Artículo publicado en el periódico Ideal, mayo de 2022
En los primeros meses de la vida, es cuando el niño conoce el
bien en la familia en donde todo se recibe y en general, los niños, se
impregnan del amor de sus padres. El amor es conocido mediante las caricias y
el alimento que le pone contento al niño. Esta recepción del amor es el primer
trato con la felicidad.
A partir de aquí, el niño vive al calor de sus padres,
aprendiendo de ellos el modelo de comportamiento. En su crecimiento va
despegándose naturalmente de ellos y descubre su intimidad y su libertad.
Aparecen dos modos de su naturaleza que son como tallos
nuevos que emergen de la misma raíz y que van a constituir su personalidad.
El problema es entonces cómo debe tratarse su intimidad y su
libertad. Es un problema porque hasta la adolescencia, ha recibido amor y
generosidad, pero con el desarrollo corporal y mental ocurre un modo de ruptura
con el paradigma de la infancia.
Las certezas absolutas de los primeros años se vuelven pura
incertidumbre y se pregunta qué hacer con la intimidad y qué hacer con la
libertad y como conjugar la libertad que se abre al mundo y la intimidad que le
inclina a encerrarse en sí mismo.
Surge entonces el papel de la experiencia vital que, aunque
él lo sepa o no, lo quiera o no, tiene un término cierto en la estructura de la
vida: el matrimonio y con la profesión, la familia y la felicidad.

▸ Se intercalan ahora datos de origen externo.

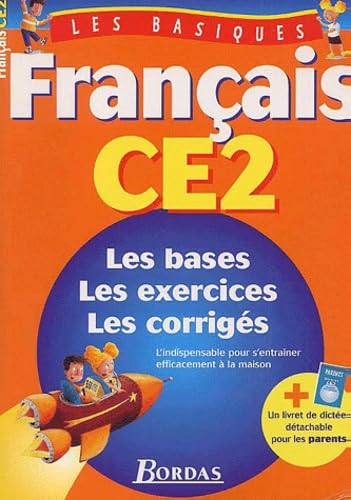Français CE2 : les bases, les exercices, les corrigés : l'indispensable pour s'entraîner efficacement à la maison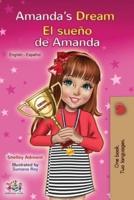 Amanda's Dream El sueño de Amanda : English Spanish Bilingual Book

El hombre apetece el bien que ha recibido y para el que está
hecho. Eso supone la desgracia de no tener familia siquiera de adopción o de
acogida. No se recibe amor, no se sabe de lo bueno ni siquiera se sabe lo que
es recibir y la alternativa parece entonces no ser sino alguien al que se le ha
negado injustamente el amor.
Ante la injusticia de
su situación es probable que su pasión dominante sea el odio.
Sabemos por experiencia que esa situación, cada vez más
común, puede reconducirse precisamente por el amor que recibirá de otras
personas, especialmente cuando encuentre la mujer que ama y empiece de nuevo la
aproximación a la felicidad.
Cuando en el ambiente y en los medios, términos como verdad,
felicidad y bien, cuando los valores-Max Scheler- se sustituyen por las cosas,
el estado del bienestar oscurece la memoria. El presente, yugula las preguntas
por el por qué y el para qué.
Entonces todo lo apetecible, lo que da “vida”, lo encuentras
en Internet. Uno se alimenta de cosas, imágenes y sonidos que, en su natural
fugacidad, requieren cambios constantes. Es la rebelión del presente contra la
historia, del autoconsumo, sobre el servicio a los demás.
Aquel “pensar en el día de mañana” o ser “un hombre de
provecho” que nos decían las madres, no resuenan en la conciencia porque cada
vez hay menos madres y los niños son menos niños.
Parece obvio donde está la raíz de esa laxitud de la
sociedad, volcada en los paraísos de “fin-de-semana”: la desestructuración de
las familias en todo el Occidente.
Los niños encuentran un clima helado, en aquello que antes
era un hogar. Nadie les dice con cariño donde está el bien, nadie les quiere,
en todo caso los consume como objeto de lujo.
La falta de auténtica familia es la razón de una sociedad
desmoralizada atraída por modelos, éxito y modas, de trampa y de cartón.